NORFOLK, Neb. -- Supporters of the arts are speaking out against comments made Monday night by a Norfolk resident.

On Monday citizen and mayoral candidate, Jim McKenzie spoke about his concerns about art purchases being made in the city.

McKenzie said he was concerned about taxpayer dollars being spent on art, saying:

"We can't continue to ask the taxpayers to pay for all of the amenities over and over again, especially when we're raising taxes and accumulating debt."

Created in 2021 the Norfolk Arts Council has worked to bring public art to the community like sculptures, murals, lighting, music, and more. 

In total, the Arts Council has access to $25,000 of city administration funds they can use each year and $59,000 in CARES Act funding, which is exclusively reserved for art projects in Norfolk.

If the council does not use the city's funding or has some money remaining, it is given back to the city and put into the general fund.

Frank Arens a city councilman, who also sits on the Arts Council, disagrees that public art isn't needed.

He said the work the Arts Council does helps residents take pride in their community, and makes a positive impact.

"For me personally, I think you're going to find that you have better community involvement, I think you have better community cohesiveness," Arens said. "I really want the people of Norfolk to be able to take pride in their community and I do believe the arts certainly helps with that."

Arens said it's important that all community initiatives are supported by the city, and said they will provide that support so long as it is fiscally feasible.

"We need to be supportive of all community initiatives and not just one," Arens said. "What is important to you may not be important to me.

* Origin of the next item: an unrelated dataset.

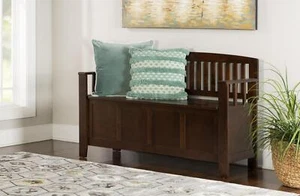 Entryway Storage Bench Walnut Brown Wooden Seat Hallway Furniture Organizer Wood - Picture 1 of 12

Working together we try and do our best to support Norfolk's wants. However, it's only when this is fiscally feasible and works with our overall budget. When the wants begins to cut into our needs, the needs come first." 

Residents from Norfolk have also spoken up in favor of art projects

During the same meeting where McKenzie stated his concerns, Kara Weander-Gastor from Norfolk's Creative District spoke to the economic impact art can have on a community.

"I feel like the arts are a great economic development tool," Weander-Gastor said. "There are young people, young creatives, who live in these communities, and they are looking for a place to go. They are being told to leave, right? I would encourage us to have them stay."

Another community member, Reverend Ty Woznek, said he understood Norfolk's need for other infrastructure, but stated the arts shouldn't take a back seat to economic development.

"I am very well aware that there are many other needs in our community like the police station that needs a lot of work," Woznek said. "But, also to make sure that we are not just focusing on infrastructure, but things that are going to take make this a great place to live." 

Norfolk Arts Council President Jan Einspahr was unavailable for an interview with NCN, but did reiterate the council's mission statement of being a leading force in nurturing art in all forms, for all people, and providing a space for creative work and collaboration, fostering an environment of diversity, equity, inclusion, and safety.